As of Spring 2023

  1. When does the season start? One season consists of two sessions. Fall Session = August – November. Spring Session = February – April/May. Tryouts are generally in May.
  2. How much will this cost? Fees are approximately $825 per season (includes fall and spring sessions) for those playing 7v7 and above. Fees are approximately $425 for those playing 4v4. For High School players playing one session (Girls - fall, Boys - spring) the fees are approximately $535. Fees are due at the time of accepting a roster spot. Installment payments are available.
  3. How much are uniforms? Approximately $160 for a kit including home and away jerseys, at least one pair of shorts and 2 pair of socks. A warm up, bag, sweatshirts, and similar items are available for an extra cost.
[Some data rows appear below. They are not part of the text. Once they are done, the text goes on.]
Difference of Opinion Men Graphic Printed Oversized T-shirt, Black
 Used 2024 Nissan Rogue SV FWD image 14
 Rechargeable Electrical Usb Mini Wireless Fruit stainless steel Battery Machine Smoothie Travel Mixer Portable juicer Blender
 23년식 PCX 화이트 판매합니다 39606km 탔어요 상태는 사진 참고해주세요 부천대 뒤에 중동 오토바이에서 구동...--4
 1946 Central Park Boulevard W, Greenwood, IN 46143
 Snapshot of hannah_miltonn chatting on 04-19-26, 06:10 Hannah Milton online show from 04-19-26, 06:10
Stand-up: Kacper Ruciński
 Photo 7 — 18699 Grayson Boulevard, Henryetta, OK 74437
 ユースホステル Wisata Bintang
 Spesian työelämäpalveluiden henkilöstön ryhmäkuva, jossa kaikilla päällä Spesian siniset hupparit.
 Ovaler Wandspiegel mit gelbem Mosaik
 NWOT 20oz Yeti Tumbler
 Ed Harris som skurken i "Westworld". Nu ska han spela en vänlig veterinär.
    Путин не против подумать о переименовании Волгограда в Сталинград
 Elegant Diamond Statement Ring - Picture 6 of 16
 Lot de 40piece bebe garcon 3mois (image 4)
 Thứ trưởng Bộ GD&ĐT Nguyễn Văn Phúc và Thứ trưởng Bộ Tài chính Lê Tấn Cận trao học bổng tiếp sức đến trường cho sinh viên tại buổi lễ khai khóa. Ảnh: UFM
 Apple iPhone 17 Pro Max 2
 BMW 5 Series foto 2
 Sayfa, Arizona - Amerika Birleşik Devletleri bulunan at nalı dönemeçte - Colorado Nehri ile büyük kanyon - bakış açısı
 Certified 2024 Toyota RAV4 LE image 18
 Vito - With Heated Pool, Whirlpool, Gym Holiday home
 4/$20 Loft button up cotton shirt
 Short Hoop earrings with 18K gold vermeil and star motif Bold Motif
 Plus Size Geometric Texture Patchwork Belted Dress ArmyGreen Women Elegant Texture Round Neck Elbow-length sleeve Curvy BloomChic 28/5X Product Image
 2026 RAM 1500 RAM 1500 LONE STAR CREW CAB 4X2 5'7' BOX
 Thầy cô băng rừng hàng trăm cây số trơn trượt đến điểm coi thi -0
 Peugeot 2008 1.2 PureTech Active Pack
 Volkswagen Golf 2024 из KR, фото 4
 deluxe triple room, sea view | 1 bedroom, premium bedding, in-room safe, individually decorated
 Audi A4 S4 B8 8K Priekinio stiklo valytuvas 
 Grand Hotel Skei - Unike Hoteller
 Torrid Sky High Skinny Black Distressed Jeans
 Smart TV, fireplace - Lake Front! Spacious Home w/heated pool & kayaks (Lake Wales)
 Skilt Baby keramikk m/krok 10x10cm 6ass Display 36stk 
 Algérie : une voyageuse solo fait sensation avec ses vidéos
  4. What do my fees pay for? Club fees cover the league fees, game field rental, referees, player cards, training fees, team app for scheduling and communication, website, practice facilities, goalie training, speed and agility training, extra ball skills sessions, insurance, field maintenance, accounting and legal fees and club administrative costs. All teams receive training from paid trainers. The vast majority of fees paid are for the league fees and training costs.
  5. Are there additional costs beyond the fees? These fees do not include uniforms, tournament fees or indoor soccer fees. The anticipated life of uniforms is two years (four sessions). Tournament fees usually run between $50 and $65. Indoor soccer is optional, with fees paid directly to the facility where games are played. Fundraising will help reduce these costs. See “Are there fundraisers to help offset fees?” below.
  6. Are there fundraisers to help offset fees? Yes. Individuals may voluntarily participate in the pizza sales fundraiser – with families receiving 35% of total sales. The amount of money that can be raised is unlimited. This past year one family reduced their fees $440 through the fundraiser.
  7. Where are the games played? Most games are played near River Port Amphitheater in Maryland Heights, MO (off I-70) or off 370 in St. Charles however games could be throughout the St. Louis metro area including O’Fallon Illinois, Edwardsville Illinois, Chesterfield, Missouri, and similar locations. We do occassionaly have home games at Gordon Moore Park (Alton) or Glazebrook Park (Godfrey).
  8. Where are practices/training held? Glazebrook Park on Stamper Lane in Godfrey IL or Gordon Moore Park (College Avenue/Rt 140) in Alton.
  9. How many games are there? 8-10 league games per session.
  10. Are there week-night games? Most games are played on weekends. There are occasional weeknight games.
  11. When are practices and games? Our teams train twice per week with one session conducted by a trainer and focusing on technical skills and one session conducting by their coach.  There will be a few weeks in the season where no games are scheduled. Games are not scheduled over Easter, Memorial Day, Labor Day or Thanksgiving weekends. Occasional additional practice or training sessions may be held at the coach’s discretion in a unique situation. Coaches may not have a combination of team practice/training any more than 3 times per week (7 day period).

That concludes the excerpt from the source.